ACE's strongest contribution is the raw-to-distilled loop. It does not merely store transcripts; it turns execution traces and feedback into future prompt material. Commonplace's closest analogue is a review or workshop workflow that turns source evidence into a durable note, but that transformation is deliberate and reviewed rather than automatic. ACE has better adaptation velocity; Commonplace has stronger auditability and semantic governance.

ACE's read-back is also simpler. The generator gets the entire current playbook, so lookup omission is reduced, but context dilution can grow with the playbook. Commonplace normally makes agents pull by rg, indexes, links, and skills, which keeps context smaller but depends on the agent choosing the right lookup. ACE shows why a bounded push path is tempting, while also showing why the pushed material needs a quality and freshness policy.

Borrowable Ideas

Reflector-scored retained advice. A Commonplace analogue would let review runs mark retained guidance as helpful, harmful, or neutral in observed tasks, then surface that signal in indexes or review reports. This needs a concrete evaluation loop before implementation.

Delta updates instead of full rewrites. ACE's curator prompt asks for missing additions only.
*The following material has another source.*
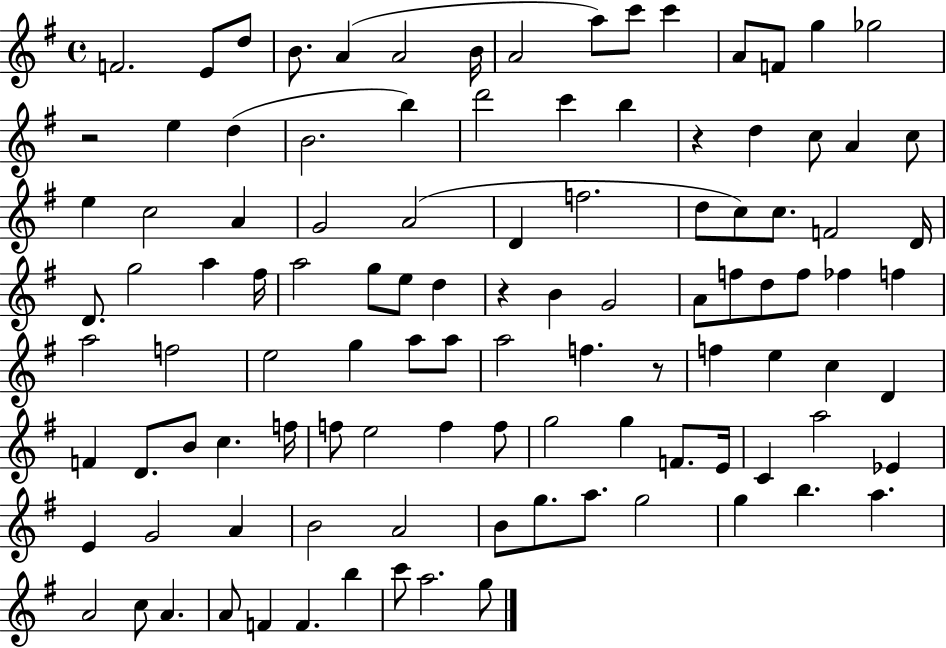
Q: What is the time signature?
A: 4/4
Commonplace could borrow this for workshop-to-note revision: ask for minimal claim additions or corrections rather than regenerating a whole note. Ready for constrained revision workflows.

Trace logs as first-class lineage for learned artifacts. ACE logs prompt, response, used bullets, correctness, and operation diffs. Commonplace could require any trace-extracted note or instruction to link back to the run artifacts that caused it. Ready as a convention if trace-extracted artifacts become common.

Optional semantic dedup as maintenance, not source of truth. ACE's bullet analyzer uses embeddings only to identify candidate redundancy, then rewrites retained natural-language content. Commonplace could use embedding similarity to propose duplicate-note or duplicate-claim reviews while keeping authored Markdown as the retained authority. Needs a review gate before acting automatically.

Validation-selected snapshots. ACE's best_playbook selection is a simple but useful distinction between latest and best. Commonplace could use the same split for generated review outputs or benchmarked instructions: newest draft is not automatically the authoritative one. Needs measured tasks to avoid fake precision.

Write side

Write agency: manual automatic — Users can seed the playbook from an authored file, but ACE's distinctive store changes are automatic: reflector tags update counters, curator operations add bullets, optional analyzer merges similar bullets, training saves snapshots, and offline validation selects best_playbook.

Curation operations: evolve synthesize dedup promote — Counter updates evolve existing bullets in place; curator ADD operations synthesize new bullets from reflections; optional analyzer deduplicates or merges similar bullets; validation accuracy can promote one snapshot to best_playbook.

Trace-learning

Trace source: trajectories session-logs — ACE consumes per-sample task trajectories: generator responses, bullet ids, predicted answers, target comparison or environment feedback, reflector diagnoses, and logged LLM calls.

Learning scope: per-project cross-task — The learned playbook is task/run-scoped by default, but saved playbooks can be supplied to later runs and the framework is meant to be extended across task domains.

Learning timing: online offline staged — Offline mode trains on train samples and validates periodically; online mode tests each window with the current playbook and then trains on that window; saved playbooks create a staged handoff into later eval-only or adaptation runs.

Distilled form: natural-language symbolic — The durable learned output is a natural-language playbook with symbolic ids, sections, and helpful/harmful counters.

Extraction. For every training sample, ACE first generates with the current playbook, evaluates correctness through the task processor, and logs bullet usage. If the answer is wrong, it runs reflection rounds over the reasoning trace, predicted answer, ground truth or environment feedback, and the subset of bullets the generator cited; if the answer is right, it still reflects to tag helpful bullets (ace/ace.py, playbook_utils.py). The oracle is task-specific correctness plus an LLM reflector; with --no_ground_truth, reflection uses environment feedback without the target.

Distillation trigger and policy. The curator runs at curator_frequency in the single-sample loop or once per curator chunk in batched training. Its prompt asks for missing insights only and the implementation applies ADD operations into matching sections with new ids. Existing bullet counters are updated from reflector tags, and the optional analyzer performs similarity-based deduplication after curation (ace/ace.py, ace/ace_batch.py, ace/core/bulletpoint_analyzer.py).

Survey placement. ACE belongs in the strong trace-learning playbook family: it extracts lessons from task trajectories and turns them into future prompt material rather than merely indexing past conversations. It strengthens the survey distinction between raw trace retention and distilled behavior-shaping context. Its limitation is that distilled bullets have weak per-bullet provenance and no implemented invalidation path.

Read-back

Read-back: push — Within ACE's own loop, the retained playbook is pushed into every generator call by prompt assembly; the generator does not first search or request memory.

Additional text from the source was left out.